A year or so later, another woman, Patricia,i contacted Jill with similar concerns about Gramly. Patricia explained that she had known Gramly before graduate school, and that she, too, had had dubious enough interactions with him that news of Jane Britton’s murder had instantly turned her mind to Gramly. Decades later, still unable to shake this suspicion, Patricia had taken it upon herself to do her own investigation into Jane’s murder, which was how she ended up on the phone with Jill. Jill told Patricia she had a “twin” in Mary and soon put the two in touch.

In some ways, Mary and Patricia made the perfect odd couple. “She’s very, very persevering, and I’m sort of a flibbertigibbet,” Mary told me. Whereas Mary had the connections to the anthropology world and loved to do the talking, Patricia was the organized one, who drove hundreds of miles across the country for archives of obscure local papers. In the past decade, Patricia had given over a den in her house to Gramly material: maps, files upon files of research, bookshelves covered in volumes, both academic and popular, about getting inside the mind of a serial killer. Her family made fun of her for what she called her “strange hobby.”

“Her work is striking,” Mary said. Patricia had exhaustively documented all the unsolved murders that took place within a plausible radius of Gramly’s whereabouts. She had compiled a document with those murders, cross-referenced with his digs, his conferences, the American Society for Amateur Archaeology meetings, and the major highways he took to get to his excavations. It represented years of meticulous work. There were a dozen dead bodies on that list.

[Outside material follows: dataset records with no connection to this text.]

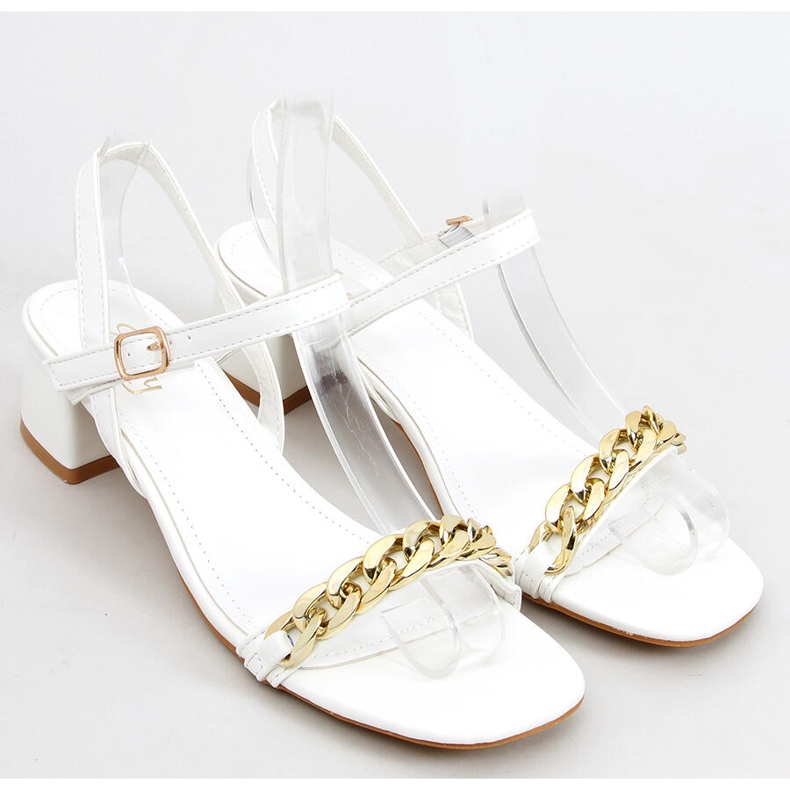 Low-heeled sandals from Daphne White 2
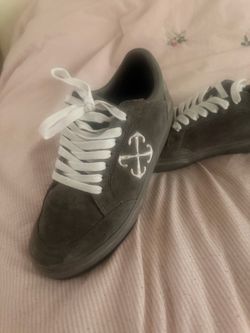 Off Withe  tennis shoes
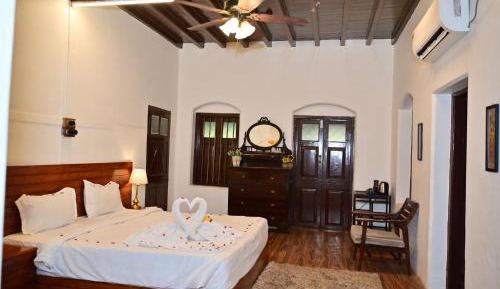 Twin Room with Pool View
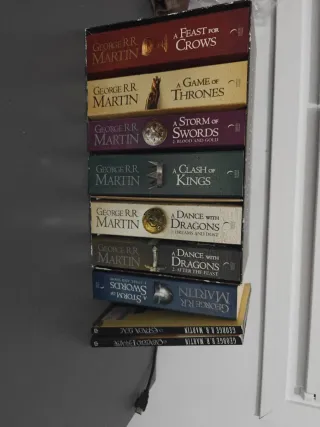 Pack Juego de Tronos (Inglés) + 2 Cómics Extra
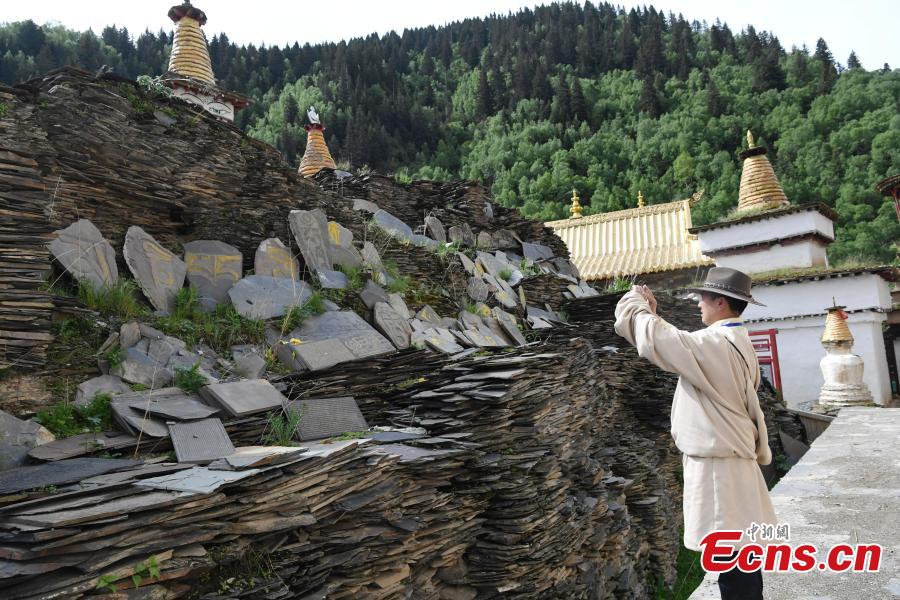 A view of the stone sutras at Bangtuo Monastery, Rangtang County, Southwest China\'s Sichuan Province. The monastery is home to 500,000 stone slabs inscribed with Tripitaka scriptures, which were made in the Ming and Qing dynasties by more than 60 masons over a period of nine years on an area of 598 square meters, the largest and best-preserved stone sutras in the world. (Photo: China News Service/An Yuan)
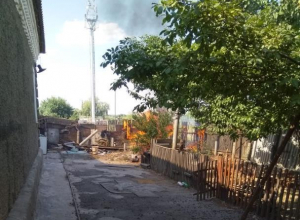 Огонь по сухой траве ворвался в жилой двор в Морозовске Огонь по сухой траве ворвался в жилой двор в Морозовске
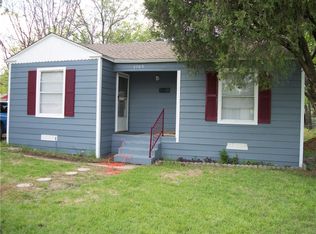 2709 Locust Ave, Dallas, TX 75216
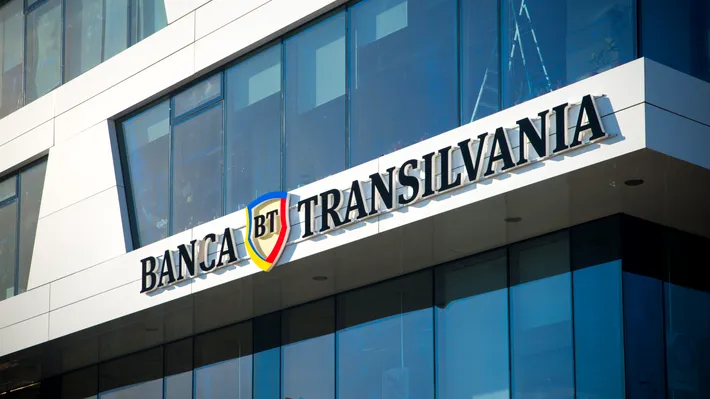 CEO-ul care a transformat banca într-un lider regional primește un nou mandat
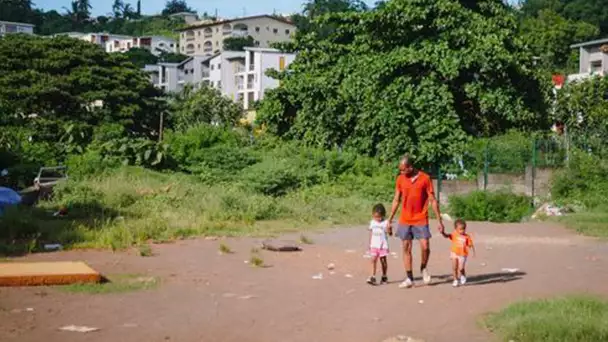 «On peut l'avoir à tout moment» : à Mayotte, la population craint le choléra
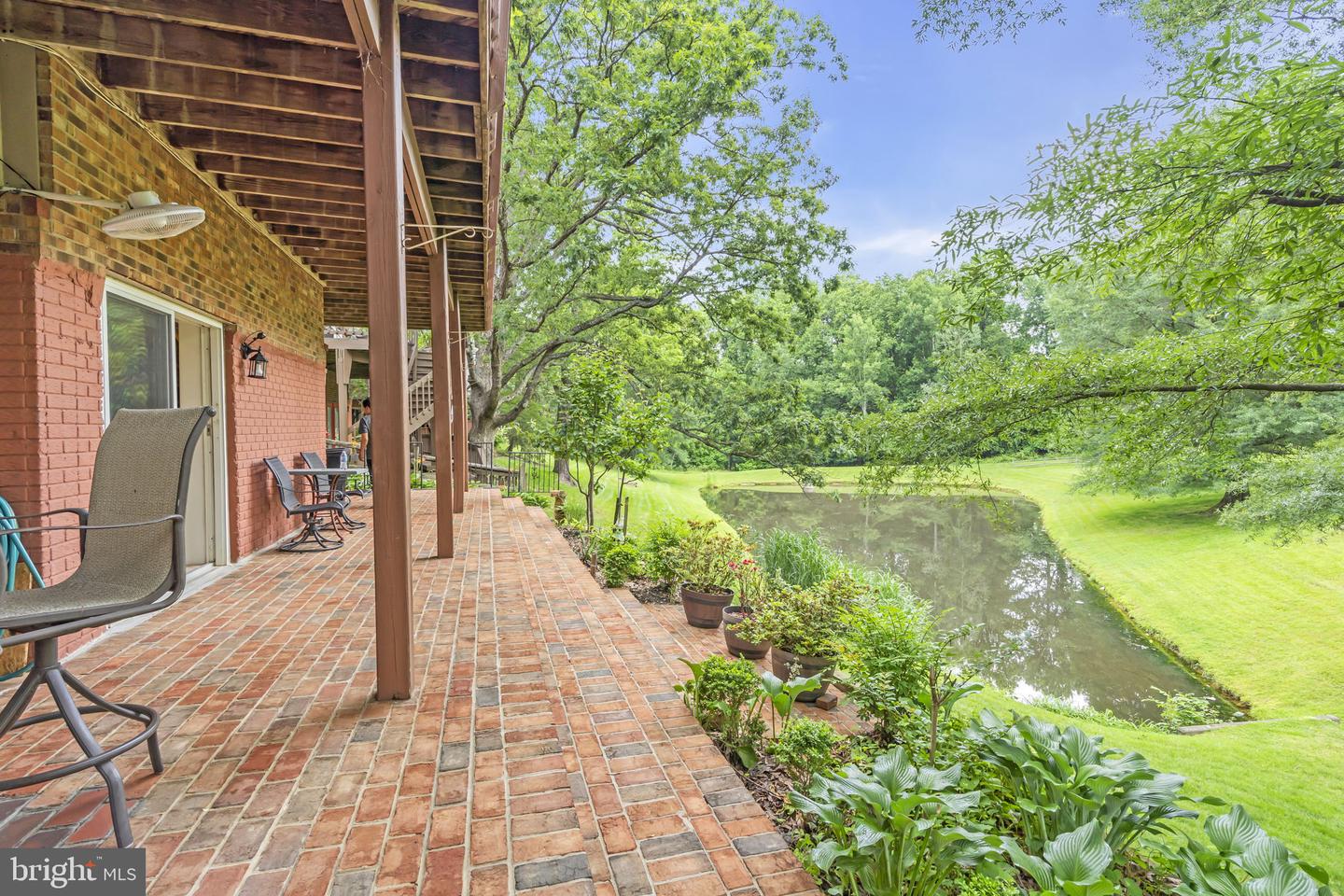 7504 WALNUT HILL LN, FALLS CHURCH, Virginia 22042, 4 Bedrooms Bedrooms, ,4 BathroomsBathrooms,Residential,For sale,7504 WALNUT HILL LN,VAFX2242338 MLS # VAFX2242338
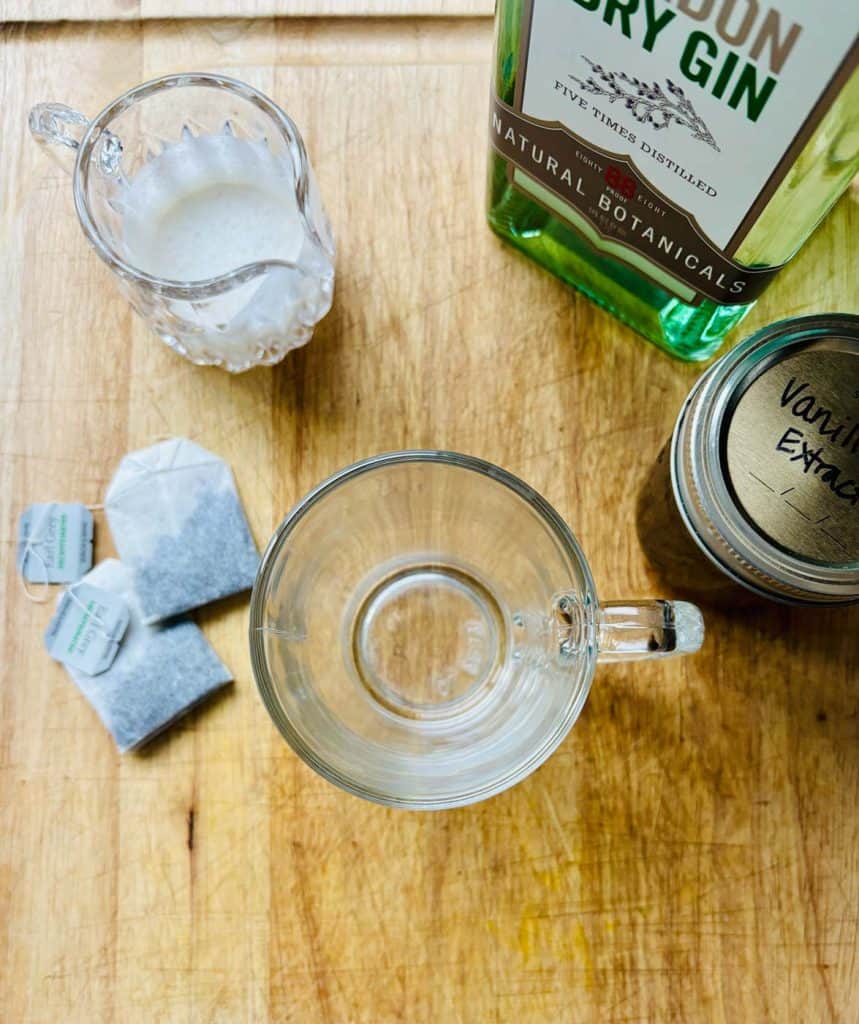 Heavy cream, gin, vanilla, and Earl Grey tea bags.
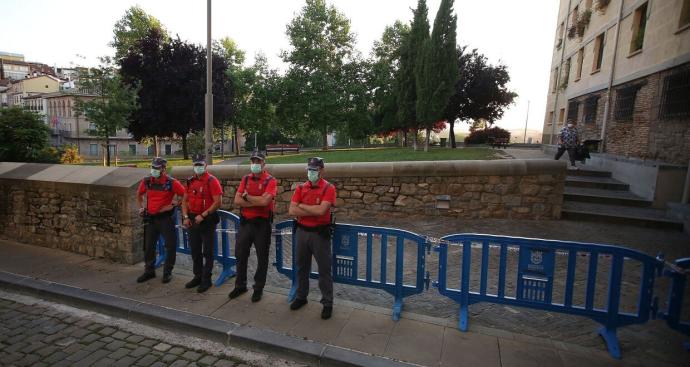 La Plaza de Corazonistas, cerrada y vigilada por agentes de la Policía Foral para evitar botellones durante los "No Sanfermines".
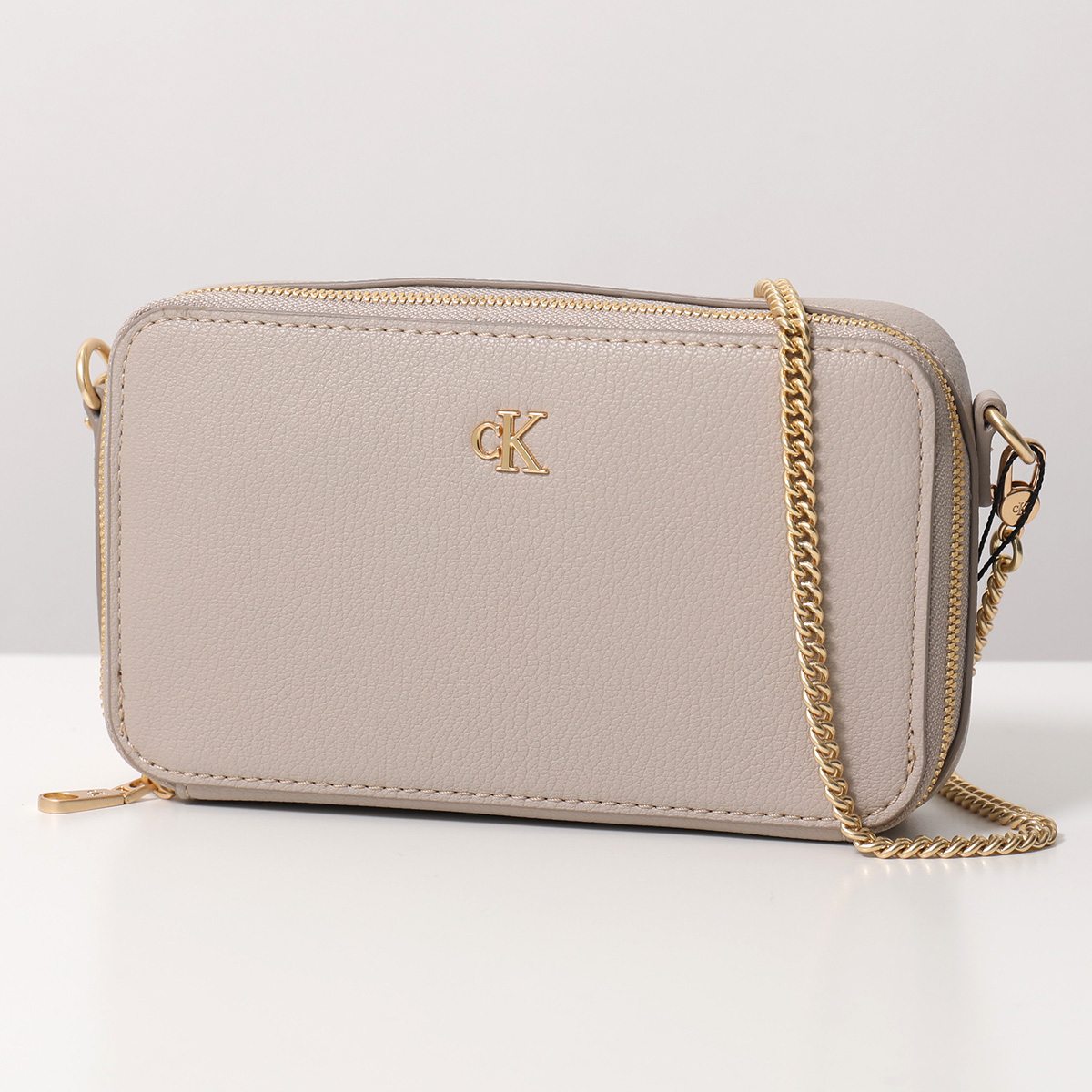 Calvin Klein（カルバン・クライン） ショルダーバッグ MINIMAL MONO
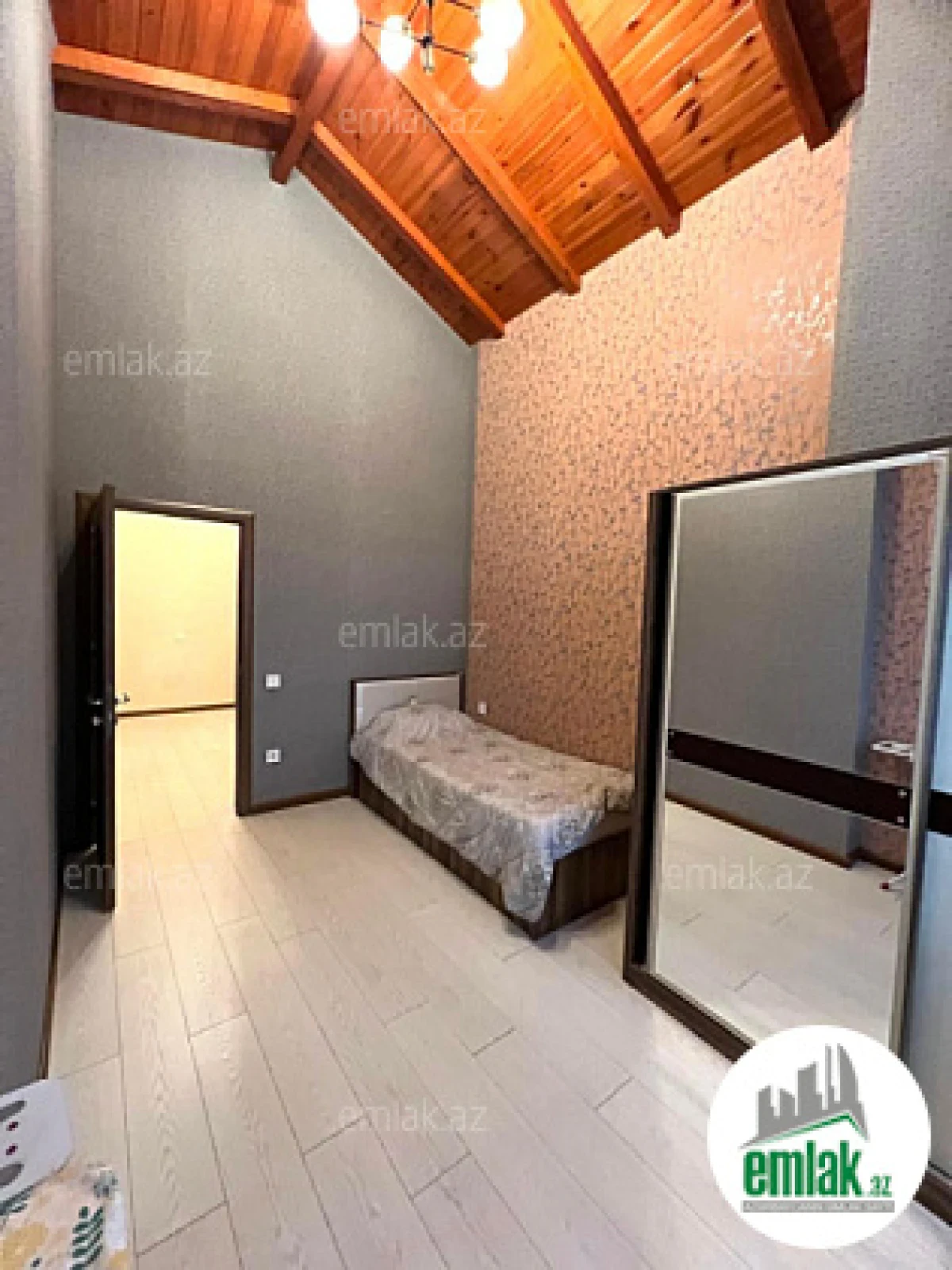Satılır 5 otaqlı mənzil 220 m²
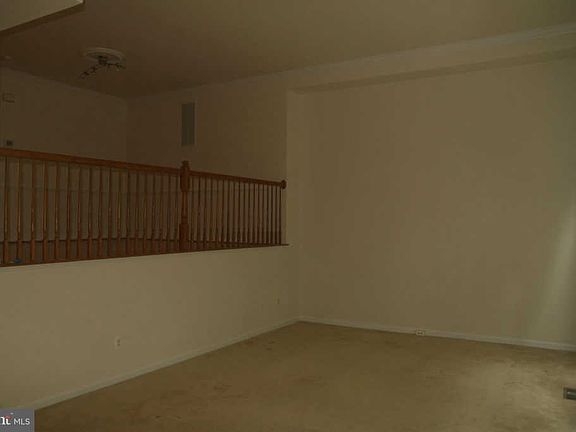 4th image of 4531 Monmouth St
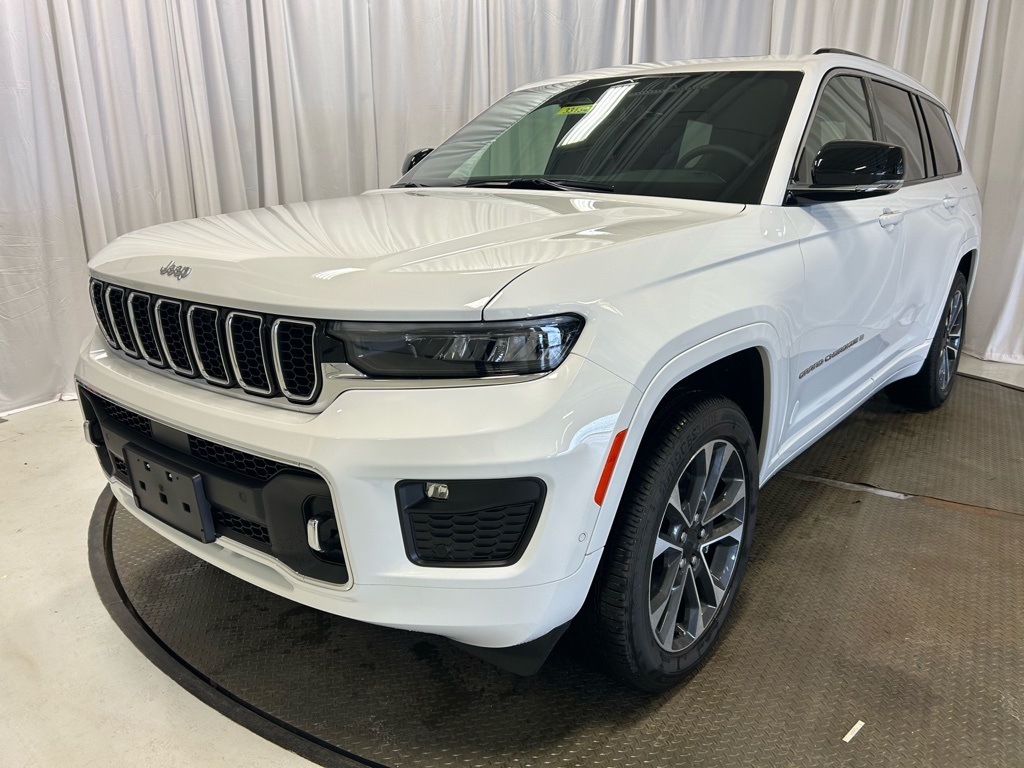 new 2025 Jeep Grand Cherokee L car, priced at $60,653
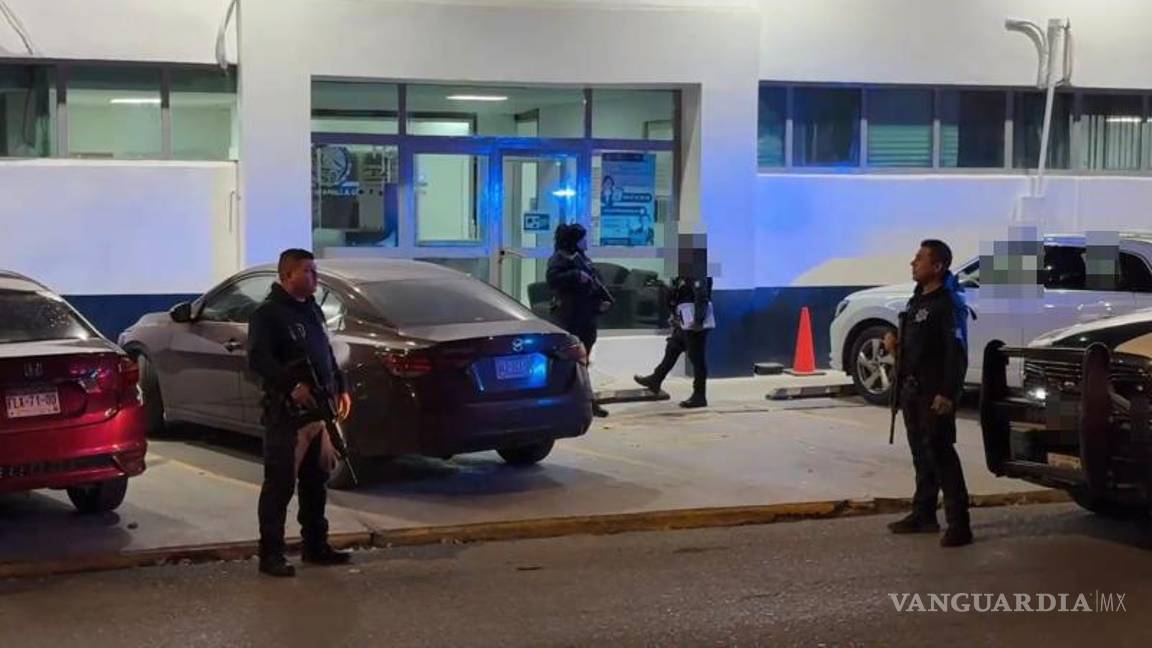 $!Los dos detenidos, originarios de Sinaloa, fueron trasladados a las instalaciones de la Fiscalía General de la República.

But Mary and Patricia’s similarities were more fundamental than their superficial differences, and, over emails and phone calls, they found companionship in their decades of private suspicion. When Mary and Patricia met with the DA’s office and Sergeant Sennott in 2012, both women were in their sixties. In internal communication, the Mass State Police office referred to them as the “Golden Girls.”

At the same time, both women were aware of how easily and dangerously guilt can be retrofitted onto someone. “Everybody can be spun,” Mary told me. “You can tell a story and the person listening to the story can be so easily manipulated…that they’re going to jump to the conclusion that he’s guilty even if he might not be.” Mary said that as strong as her gut feeling about Gramly was, “the other part of my personality is very, very, very wedded to an American system of justice. And for the rights of the defendant to a really, really good defense.”

Mary knew that she had nothing concrete against Gramly. She told me her sister didn’t even remember the birthday cake incident. “If I were a defense attorney in this case, I’d knock all of this stuff out of the park.”

She continued: “He may just be an innocent person who’s made a few enemies along the way. Or he may be a true psychopath.”

Footnotes

iPseudonym.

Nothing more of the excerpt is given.